Invasión al terreno de juego, lanzamiento de pólvora a la cancha, pero también contra los policías; intento de agredir especialmente a los jugadores rivales y generar caos, fue lo que hicieron unos hinchas que, un día antes del partido final de Copa Colombia ante Atlético Nacional, por presiones de muchos sectores, lograron que les levantara la sanción para ingresar pólvora, trapos y banderas al Pascual Guerrero.

Ir al estadio se volvió peligroso, y no solo en Cali, en todos los escenarios del país. Los desmanes del domingo no solo se presentaron dentro del sanfernandino; en las afueras, lo que se vivió parecía una guerra con agresiones a la Fuerza Pública, saqueo a los locales comerciales, destrozos a los vehículos que estaban estacionados cerca, y ataques a las residencias del sector.

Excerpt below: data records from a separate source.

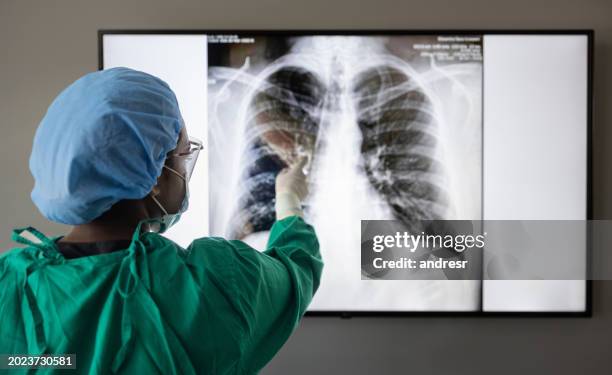 medical student looking at an x-ray at the hospital - röntgenbild bildbanksfoton och bilder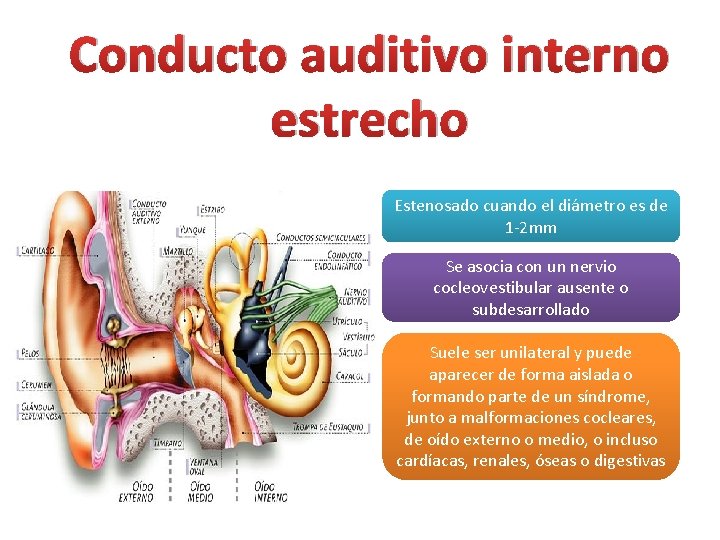 Conducto auditivo interno estrecho Estenosado cuando el diámetro es de 1 -2 mm Se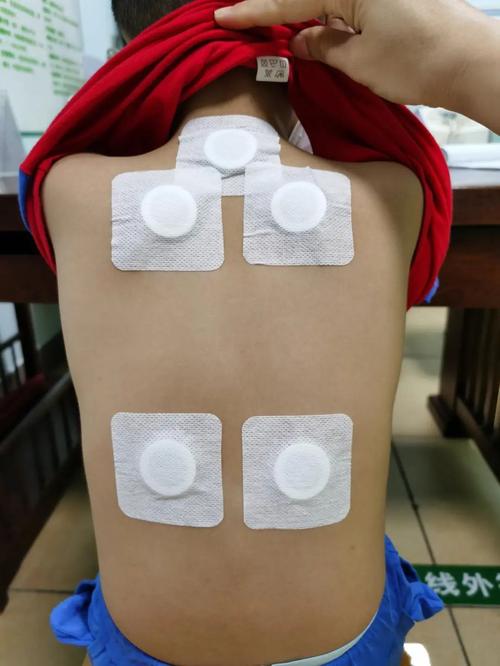 古渗堂穴位贴敷治疗贴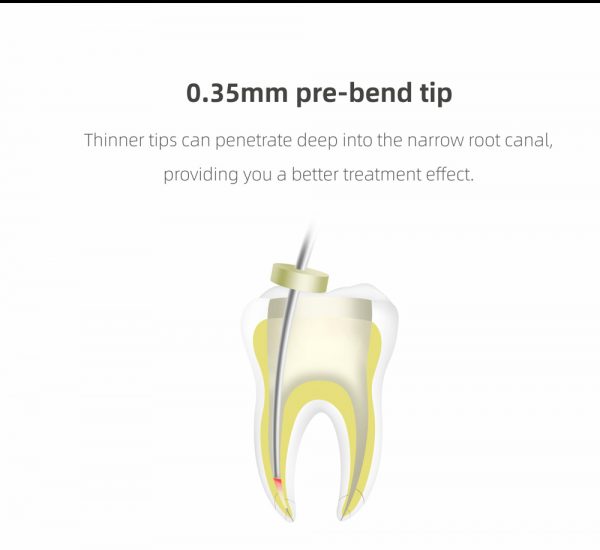fig fip main photo 7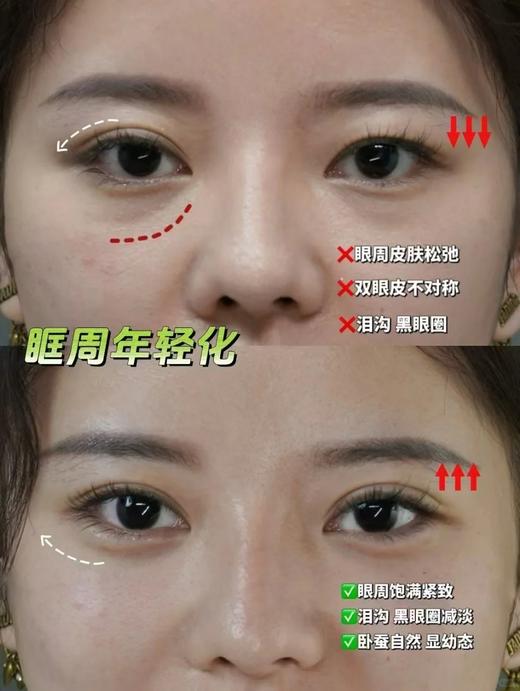 【清仓好价】艾科美臻颜眼霜15ml（效期至26.8） 商品图2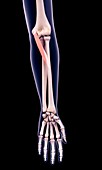 Arm muscle, illustration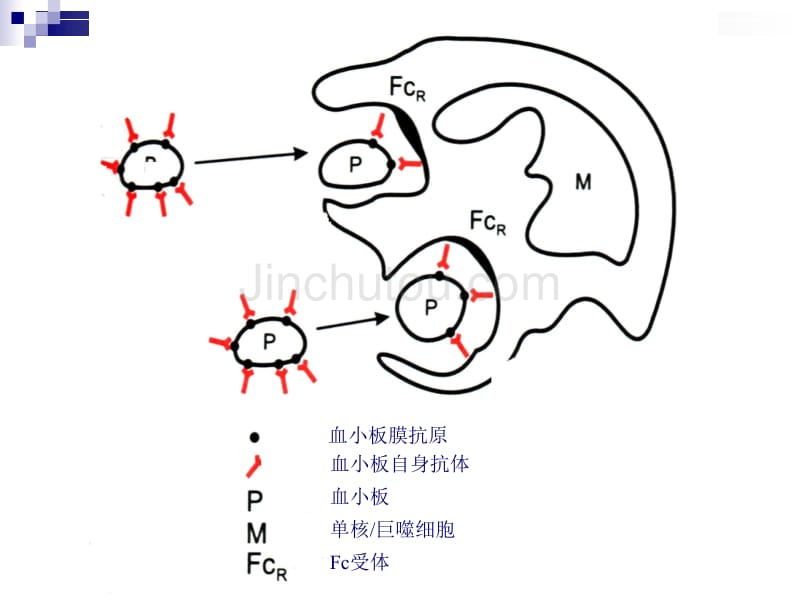 特发型血小板减少性紫癜_第5页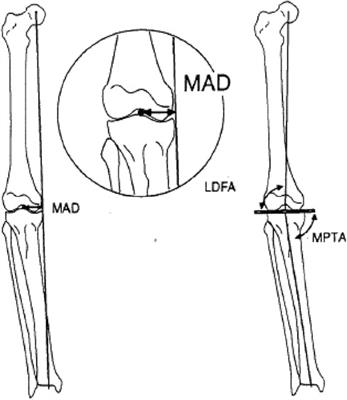 Multi-segment osteotomy with interlocking intramedullary nail fixation in the treatment of lower limb deformity in older children with hypophosphatemic rickets
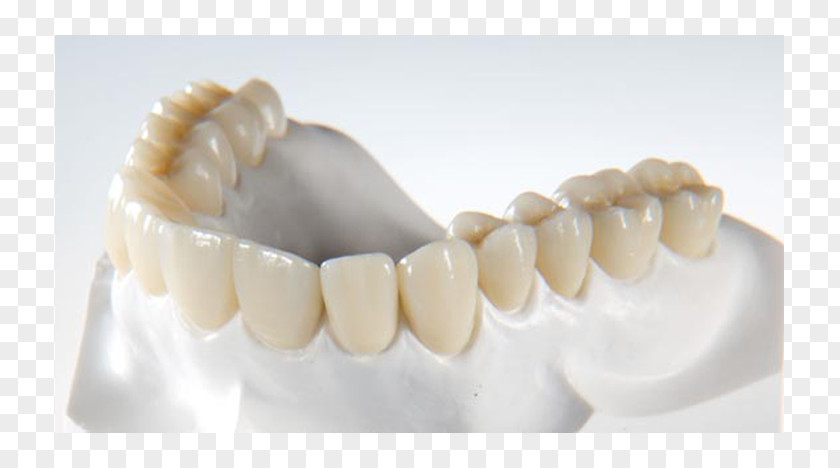Crown Zirconium Dioxide CAD/CAM Dentistry Dental Laboratory PNG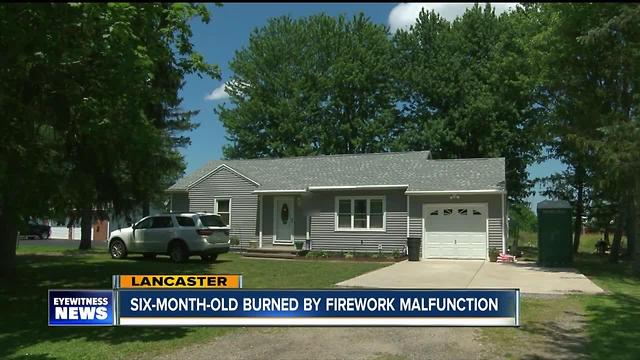 Baby struck by malfunctioning firework
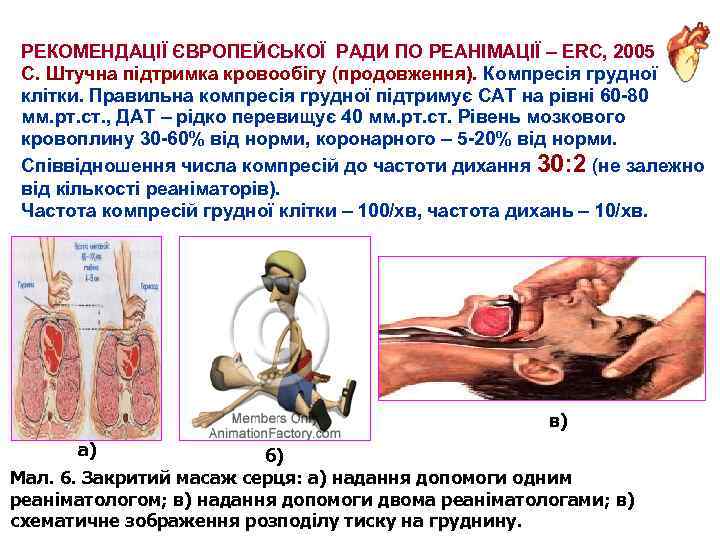 РЕКОМЕНДАЦІЇ ЄВРОПЕЙСЬКОЇ РАДИ ПО РЕАНІМАЦІЇ – ERC, 2005 С. Штучна підтримка кровообігу (продовження). Компресія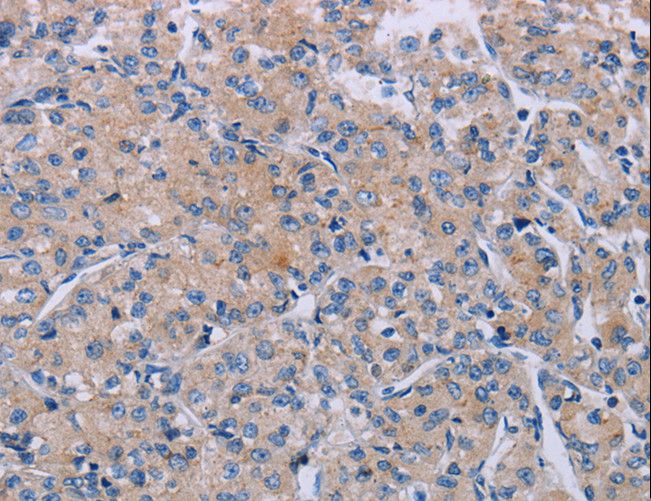 P2RX3 / P2X3 Antibody - Immunohistochemistry of paraffin-embedded Human prostate cancer using P2RX3 Polyclonal Antibody at dilution of 1:50.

Muchos padres de familia, que fueron con sus hijos menores de edad a vivir una fiesta y a disfrutar de un gran marco y colorido, al final tuvieron que buscar dónde esconderse para no ser blanco de los delincuentes. Cali no puede soportar más esta situación. Y la solución no es cerrando el estadio, y mucho menos sancionando el cemento, en este caso la tribuna sur que es el nido de los vándalos.

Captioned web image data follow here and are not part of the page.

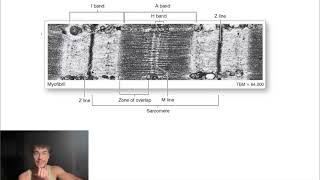 the sarcomere actin amp myosin and bands ep 2 [upl. by Doe520]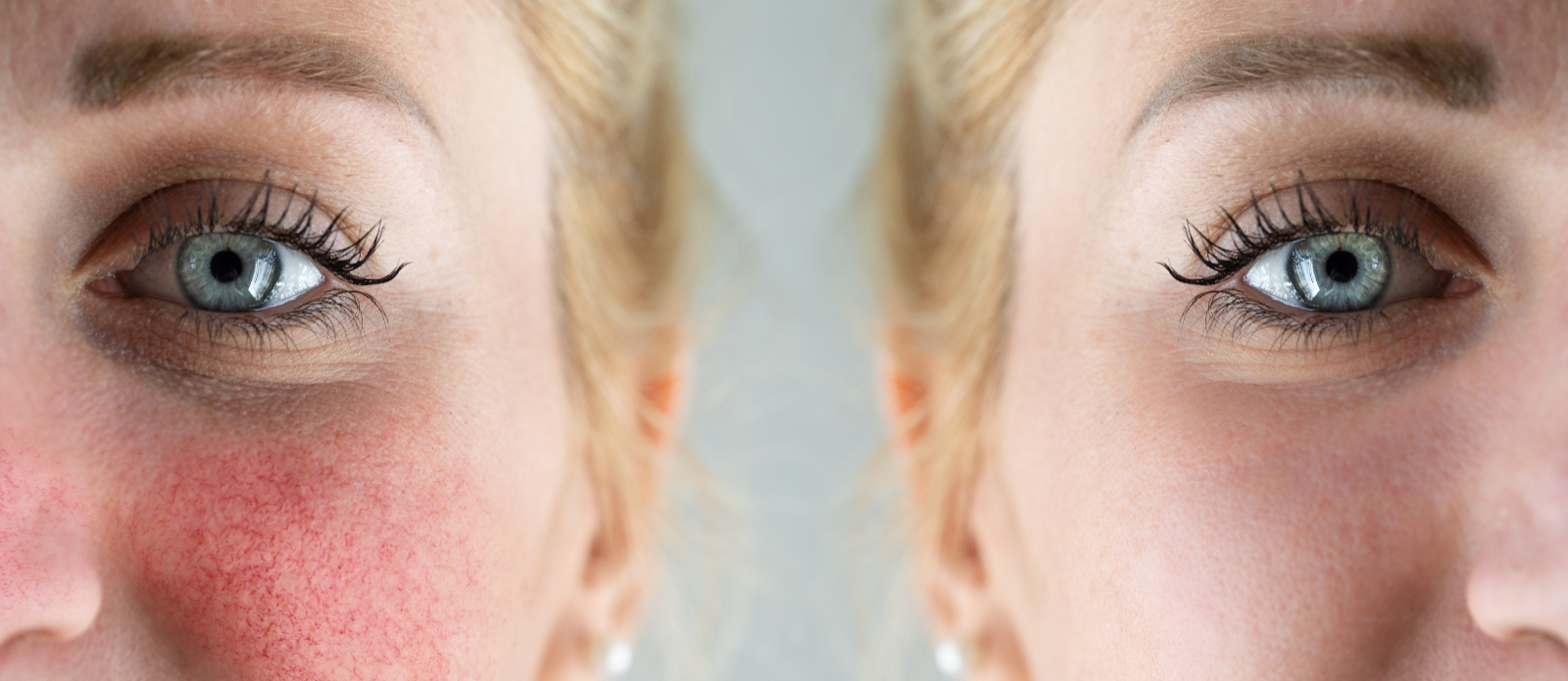 Safety Evaluation of Cosmetic and Cosmeceutical Products for Rosacea prone Skin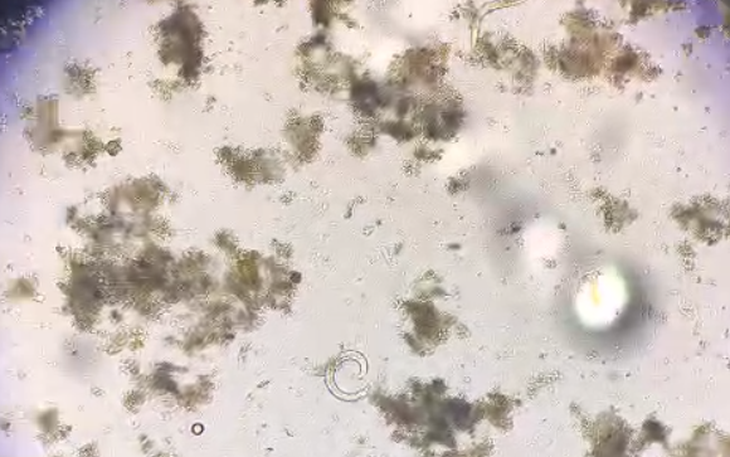 Giun lươn nguy hiểm nhưng bị lãng quên - Ảnh 3.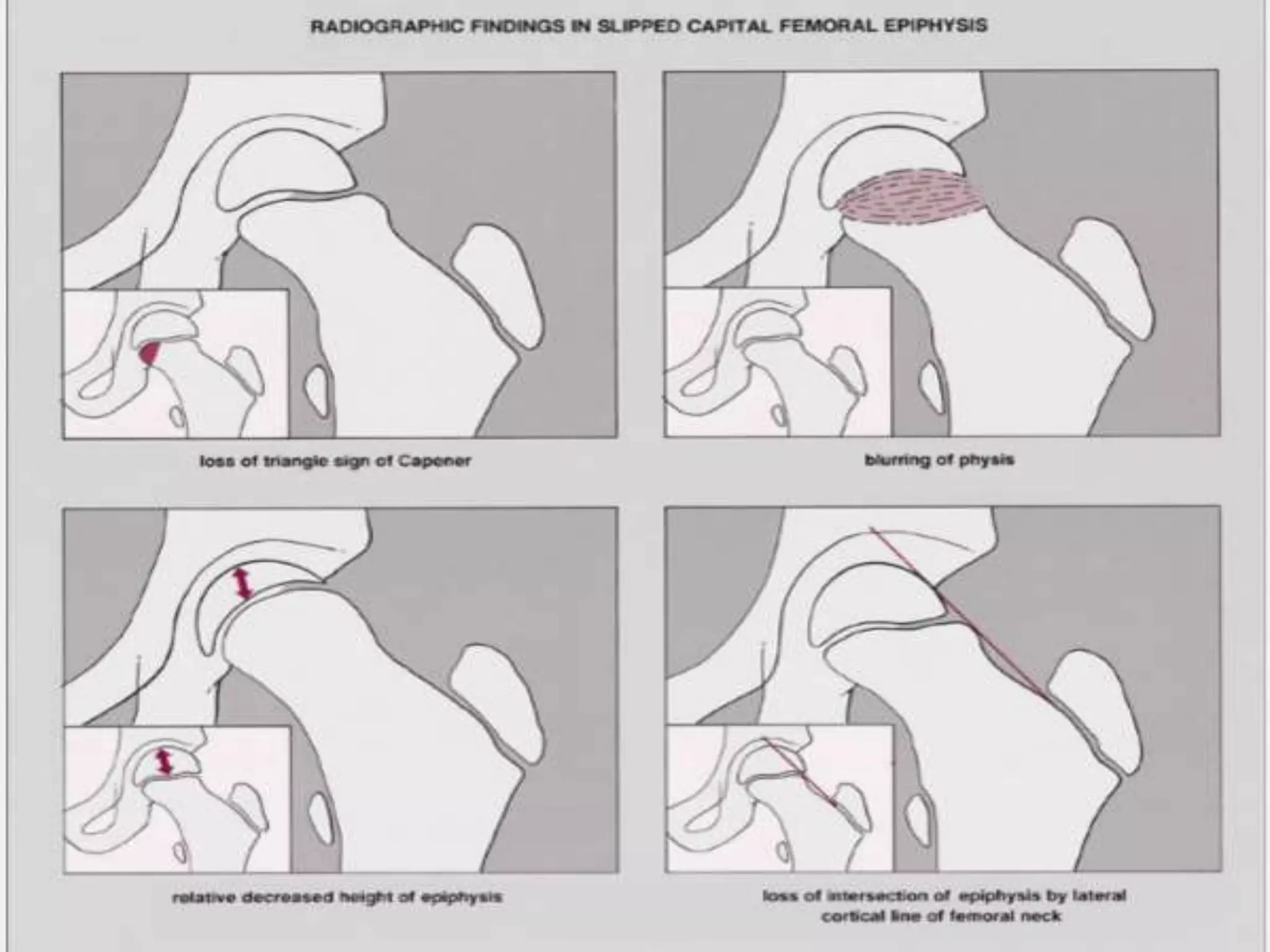 Slipped capital femoral epiphysis | PPTX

Se necesitan medidas drásticas, efectivas, castigos ejemplares para los responsables de la barbarie. Hay fotos y videos en los que se puede identificar a muchos de los protagonistas. Aquí hay mucha alcahuetería, empezando por los equipos que son los que suministran las boletas a estos delincuentes, muchas veces de manera gratuita y en otras ocasiones haciéndoles una generosa rebaja para que asistan todos al estadio.

Pero también hay negligencia de las autoridades que son las encargadas de garantizar la seguridad. Horas antes de los partidos, las barras-bravas llegan en buses y lo primero que hacen es pedir plata e intimidar a los conductores de carros que circulan por la Avenida Roosevelt, sin ninguna restricción.

Luego se reúnen cerca del Templete y allí, drogados o bajo el efecto del licor, acuerdan el plan a seguir. Aún así, sabiendo que no están en sus cabales, curiosamente pasan los controles y entran sin pudor al estadio. Pero antes de eso, hacen de policías pidiendo cédula o revisando a cuanto aficionado se encuentran en el camino, para ver si son seguidores del equipo rival. Esa situación se está presentando incluso dentro del estadio, como sucedió recientemente frente al Junior, aparentemente con el ‘patrocinio’ de personal de logística.

Pero la complicidad para este tema comienza uno o dos días antes del partido de turno, cuando se les permite ingresar y esconder en los baños y otras caletas toda clase de armas y de drogas.

Está en manos de las autoridades ponerle freno de una vez por todas a esta situación. No es sano mandar el mensaje de que unos vándalos están por encima de la autoridad. El fútbol ni la afición de bien se merecen esto. ¡No más!